La solemnidad con la que ha invertido la tarde no está destinada a durar. Muy pronto, nuestro noble héroe será introducido en los insulsos aires de la industria para la que trabaja. Puede manejar una pesada espada y pelear con tigres pero ¿cómo repeler con honor el tipo de ataques con los que se enfrentará esta noche? Llega al campo de batalla y no se encuentra con armas afiladas y resoplidos equinos, sino con Joan Rivers ofreciendo una pequeña crítica maliciosa (a un simple millón de sus más íntimos confidentes) de su perfume personal.
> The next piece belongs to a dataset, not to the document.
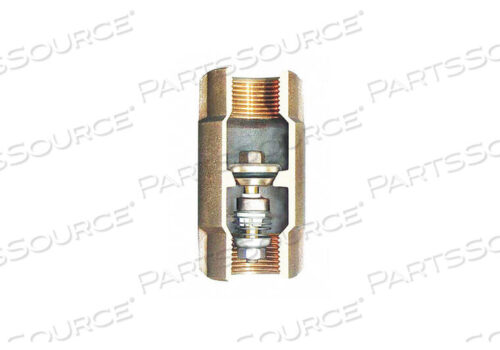 OEM#: 506SBSPRING CHECK VALVE BRONZE 2 FNPT от Simmons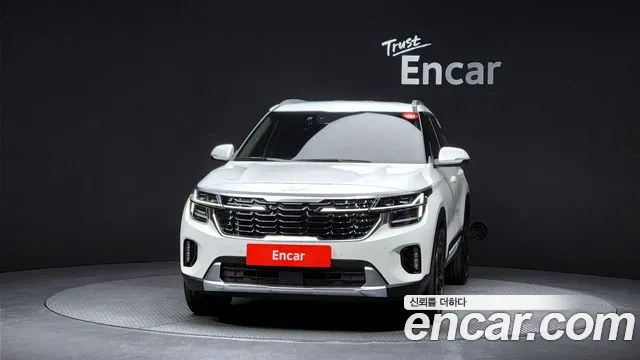 Kia Seltos Бензин 1.6 турбо 2WD — Фото автомобиля 3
Nuestro guerrero camina hacia delante, los ojos en el horizonte, ignorando las pequeñas indignidades que acompañan a la fama mundial. Pero cruzando por el foro de flashes y micrófonos, navegando diestramente por la alfombra roja (que, sospecha nuestro héroe, ha adquirido su tonalidad de segar los caídos y sangrantes cuerpos de aquellos que han recorrido este sendero antes que él), abriéndose paso hasta el mismo centro de la arena, no se encuentra con ningún enemigo salvaje y bárbaro o a un lascivo y malévolo emperador; en vez de eso, se topa con Steve Martín haciendo chistes de dudosa calidad sobre el tema de los supuestos e innumerables flirteos de Crowe. Nuestro héroe es gravemente herido. No había esperado tales ruines y bajos ataques. Sus armas son de otro tiempo –su carácter está forjado en un fuego bastante distante. Y al final, señoras y señores, y al final... Gana.